Alors que l’association catholique Promouvoir attaque de plus en plus de longs-métrages, le rapport préconise une nouvelle rédaction de l’article en question: l’interdiction aux moins de 18 ans reposerait désormais sur la présence dans le film, « sans justification de caractère esthétique » de « scènes de sexe ou de grande violence » pouvant « troubler gravement la sensibilité des mineurs » ou « banaliser » la violence. C’est Fleur Pellerin qui, en septembre 2015, avait commandé à Jean-François Mary ce travail de réflexion, après la reclassification par la justice, saisie par l’association Promouvoir, de plusieurs films dont Love (2015) de Gaspar Noé, passé de « interdit aux moins de 16 ans » à « interdit aux moins de 18 ans ».
La conclusion du rapport de Jean-François Mary
La représentation des films en salles, dont certaines augures annonçaient il y a quelque temps le déclin, réunit chaque année près de 200 millions de spectateurs. Certes, ce chiffre semble presque dérisoire si on le compare à la puissance de la télévision et des réseaux Internet en termes de producteurs et de diffuseurs d’images. Cependant, la classification des films en salles reste une référence, référence instituée par le droit du cinéma qui oblige, lorsque le visa d’exploitation cinématographique comporte une interdiction particulière de représentation et que le film est édité sous forme de vidéogramme ou diffusé par un service de télévision ou par tout procédé de communication électronique, de mentionner cette interdiction (R. 211-22 et suivants du CCIA). Du côté des réalisateurs, la demande d’un visa d’exploitation a aussi pour objet de faire accéder l’oeuvre ou le document au statut de film de cinéma, quels que soient les aléas de sa carrière commerciale. Une difficulté demeure et demeurera toujours : le cinéma des années présentes et futures met en évidence la nécessité d’un régime de classification qui s’adapte aux changements de moeurs et de mentalités, correspondant à une époque définie, dans un lieu déterminé.
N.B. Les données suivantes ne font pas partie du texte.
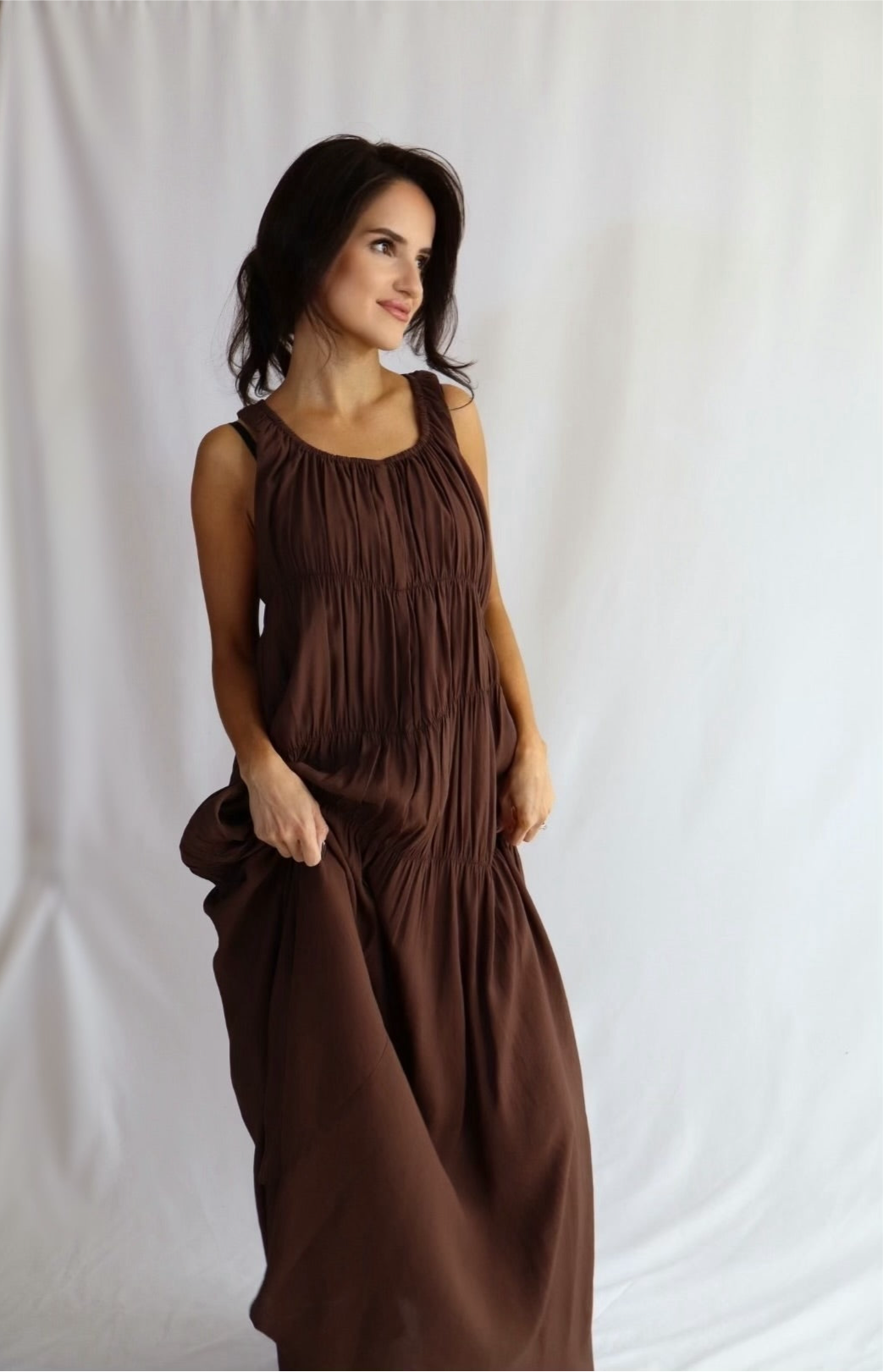 Chocolate midi dress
La classification des films sera toujours le résultat du regard porté par la société des adultes sur les jeunes et ce regard qui traduit aussi une inquiétude,évolue. Les pouvoirs publics doivent y prêter la plus grande attention mais ne pas se laisser enfermer dans des débats stériles.
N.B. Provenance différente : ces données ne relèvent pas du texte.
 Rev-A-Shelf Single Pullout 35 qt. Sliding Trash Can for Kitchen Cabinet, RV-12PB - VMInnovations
C’est en tout cas dans cet esprit que les propositions du présent rapport ont été conçues. J’ai pu mesurer dans les contacts que j’ai eus avec mes interlocuteurs que cette attitude était très largement partagée, au-delà de divergences qui font d’ailleurs la richesse des débats de la commission de classification. C’est la raison pour laquelle les modifications soumises dans le présent rapport à l’examen de la ministre de la culture et de la communication visent davantage à une adaptation qu’à une transformation des conditions d’accès des mineurs aux salles de cinéma. Le sens de ces propositions est avant tout de redonner à l’ensemble formé par l’administration et son juge un meilleur équilibre en vue d’une application de la règle de droit plus stable, plus claire et plus lisible.